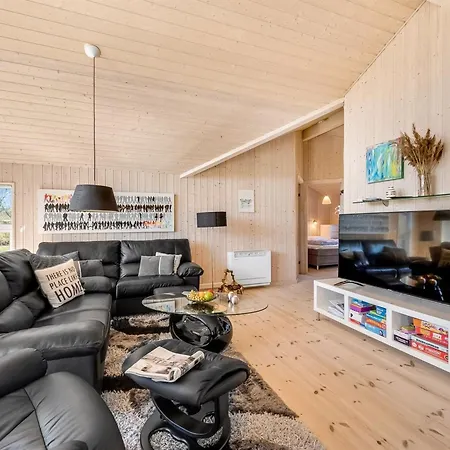 Haagen - 600m To The Fjord By Interhome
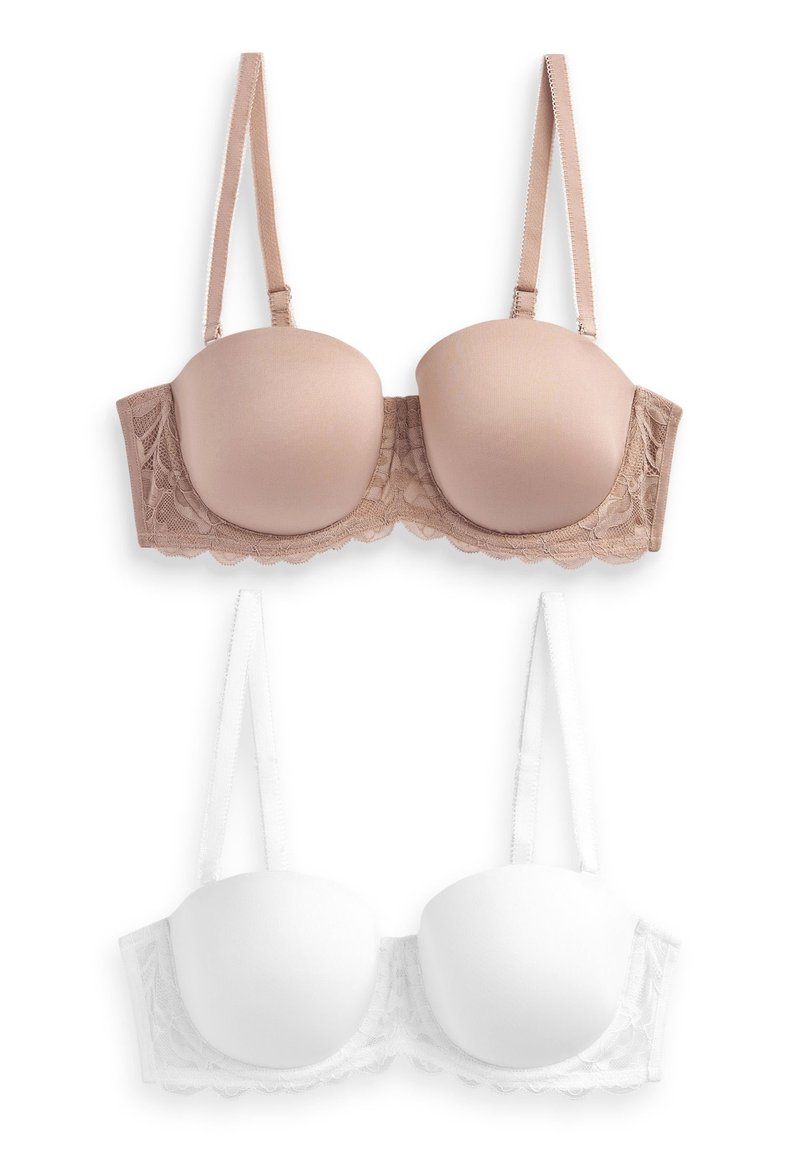 To sæt bh'er: den ene i nude med blondedetaljer og formede skåle, den anden i hvid med glatte skåle og blonder, begge med justerbare stropper.
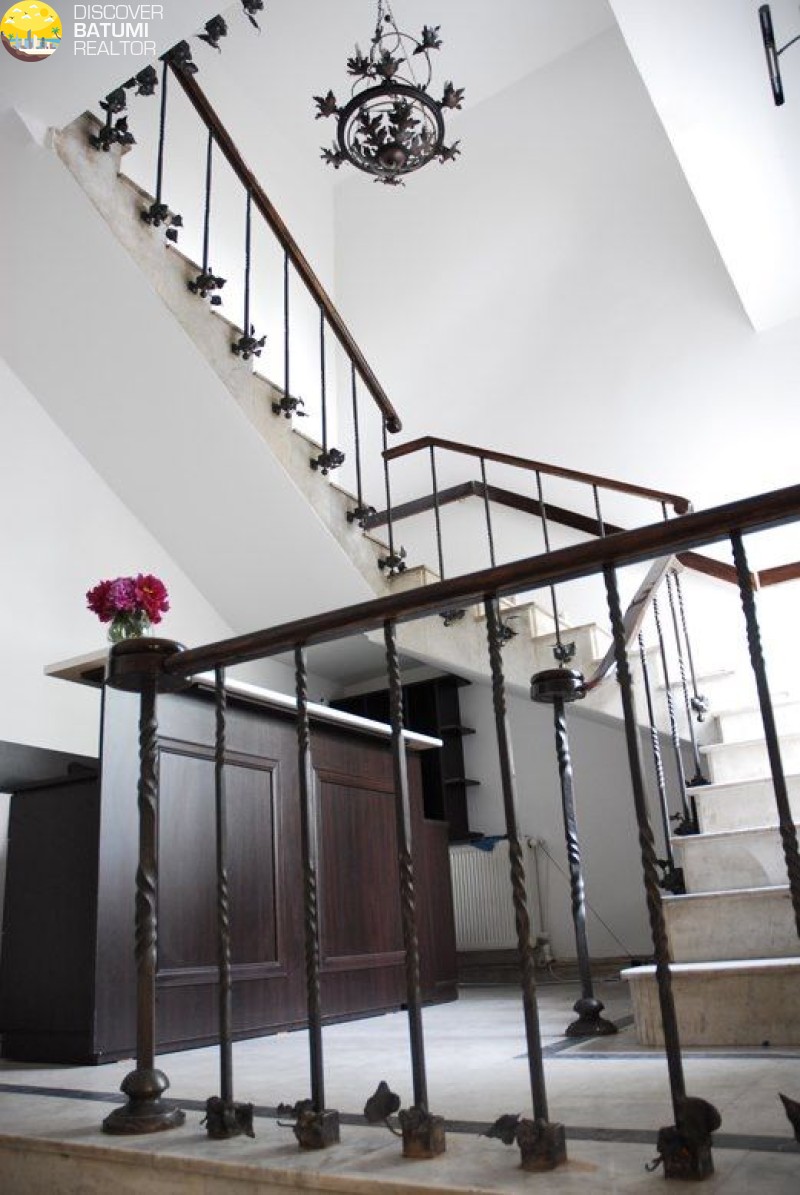 Сдается коммерческое помещение на улице Джавахишвили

### How to complete this task
Output the data above exactly; pictures do not belong in the copy.

### Problem solution
 Haagen - 600m To The Fjord By Interhome
 To sæt bh'er: den ene i nude med blondedetaljer og formede skåle, den anden i hvid med glatte skåle og blonder, begge med justerbare stropper.
 Сдается коммерческое помещение на улице Джавахишвили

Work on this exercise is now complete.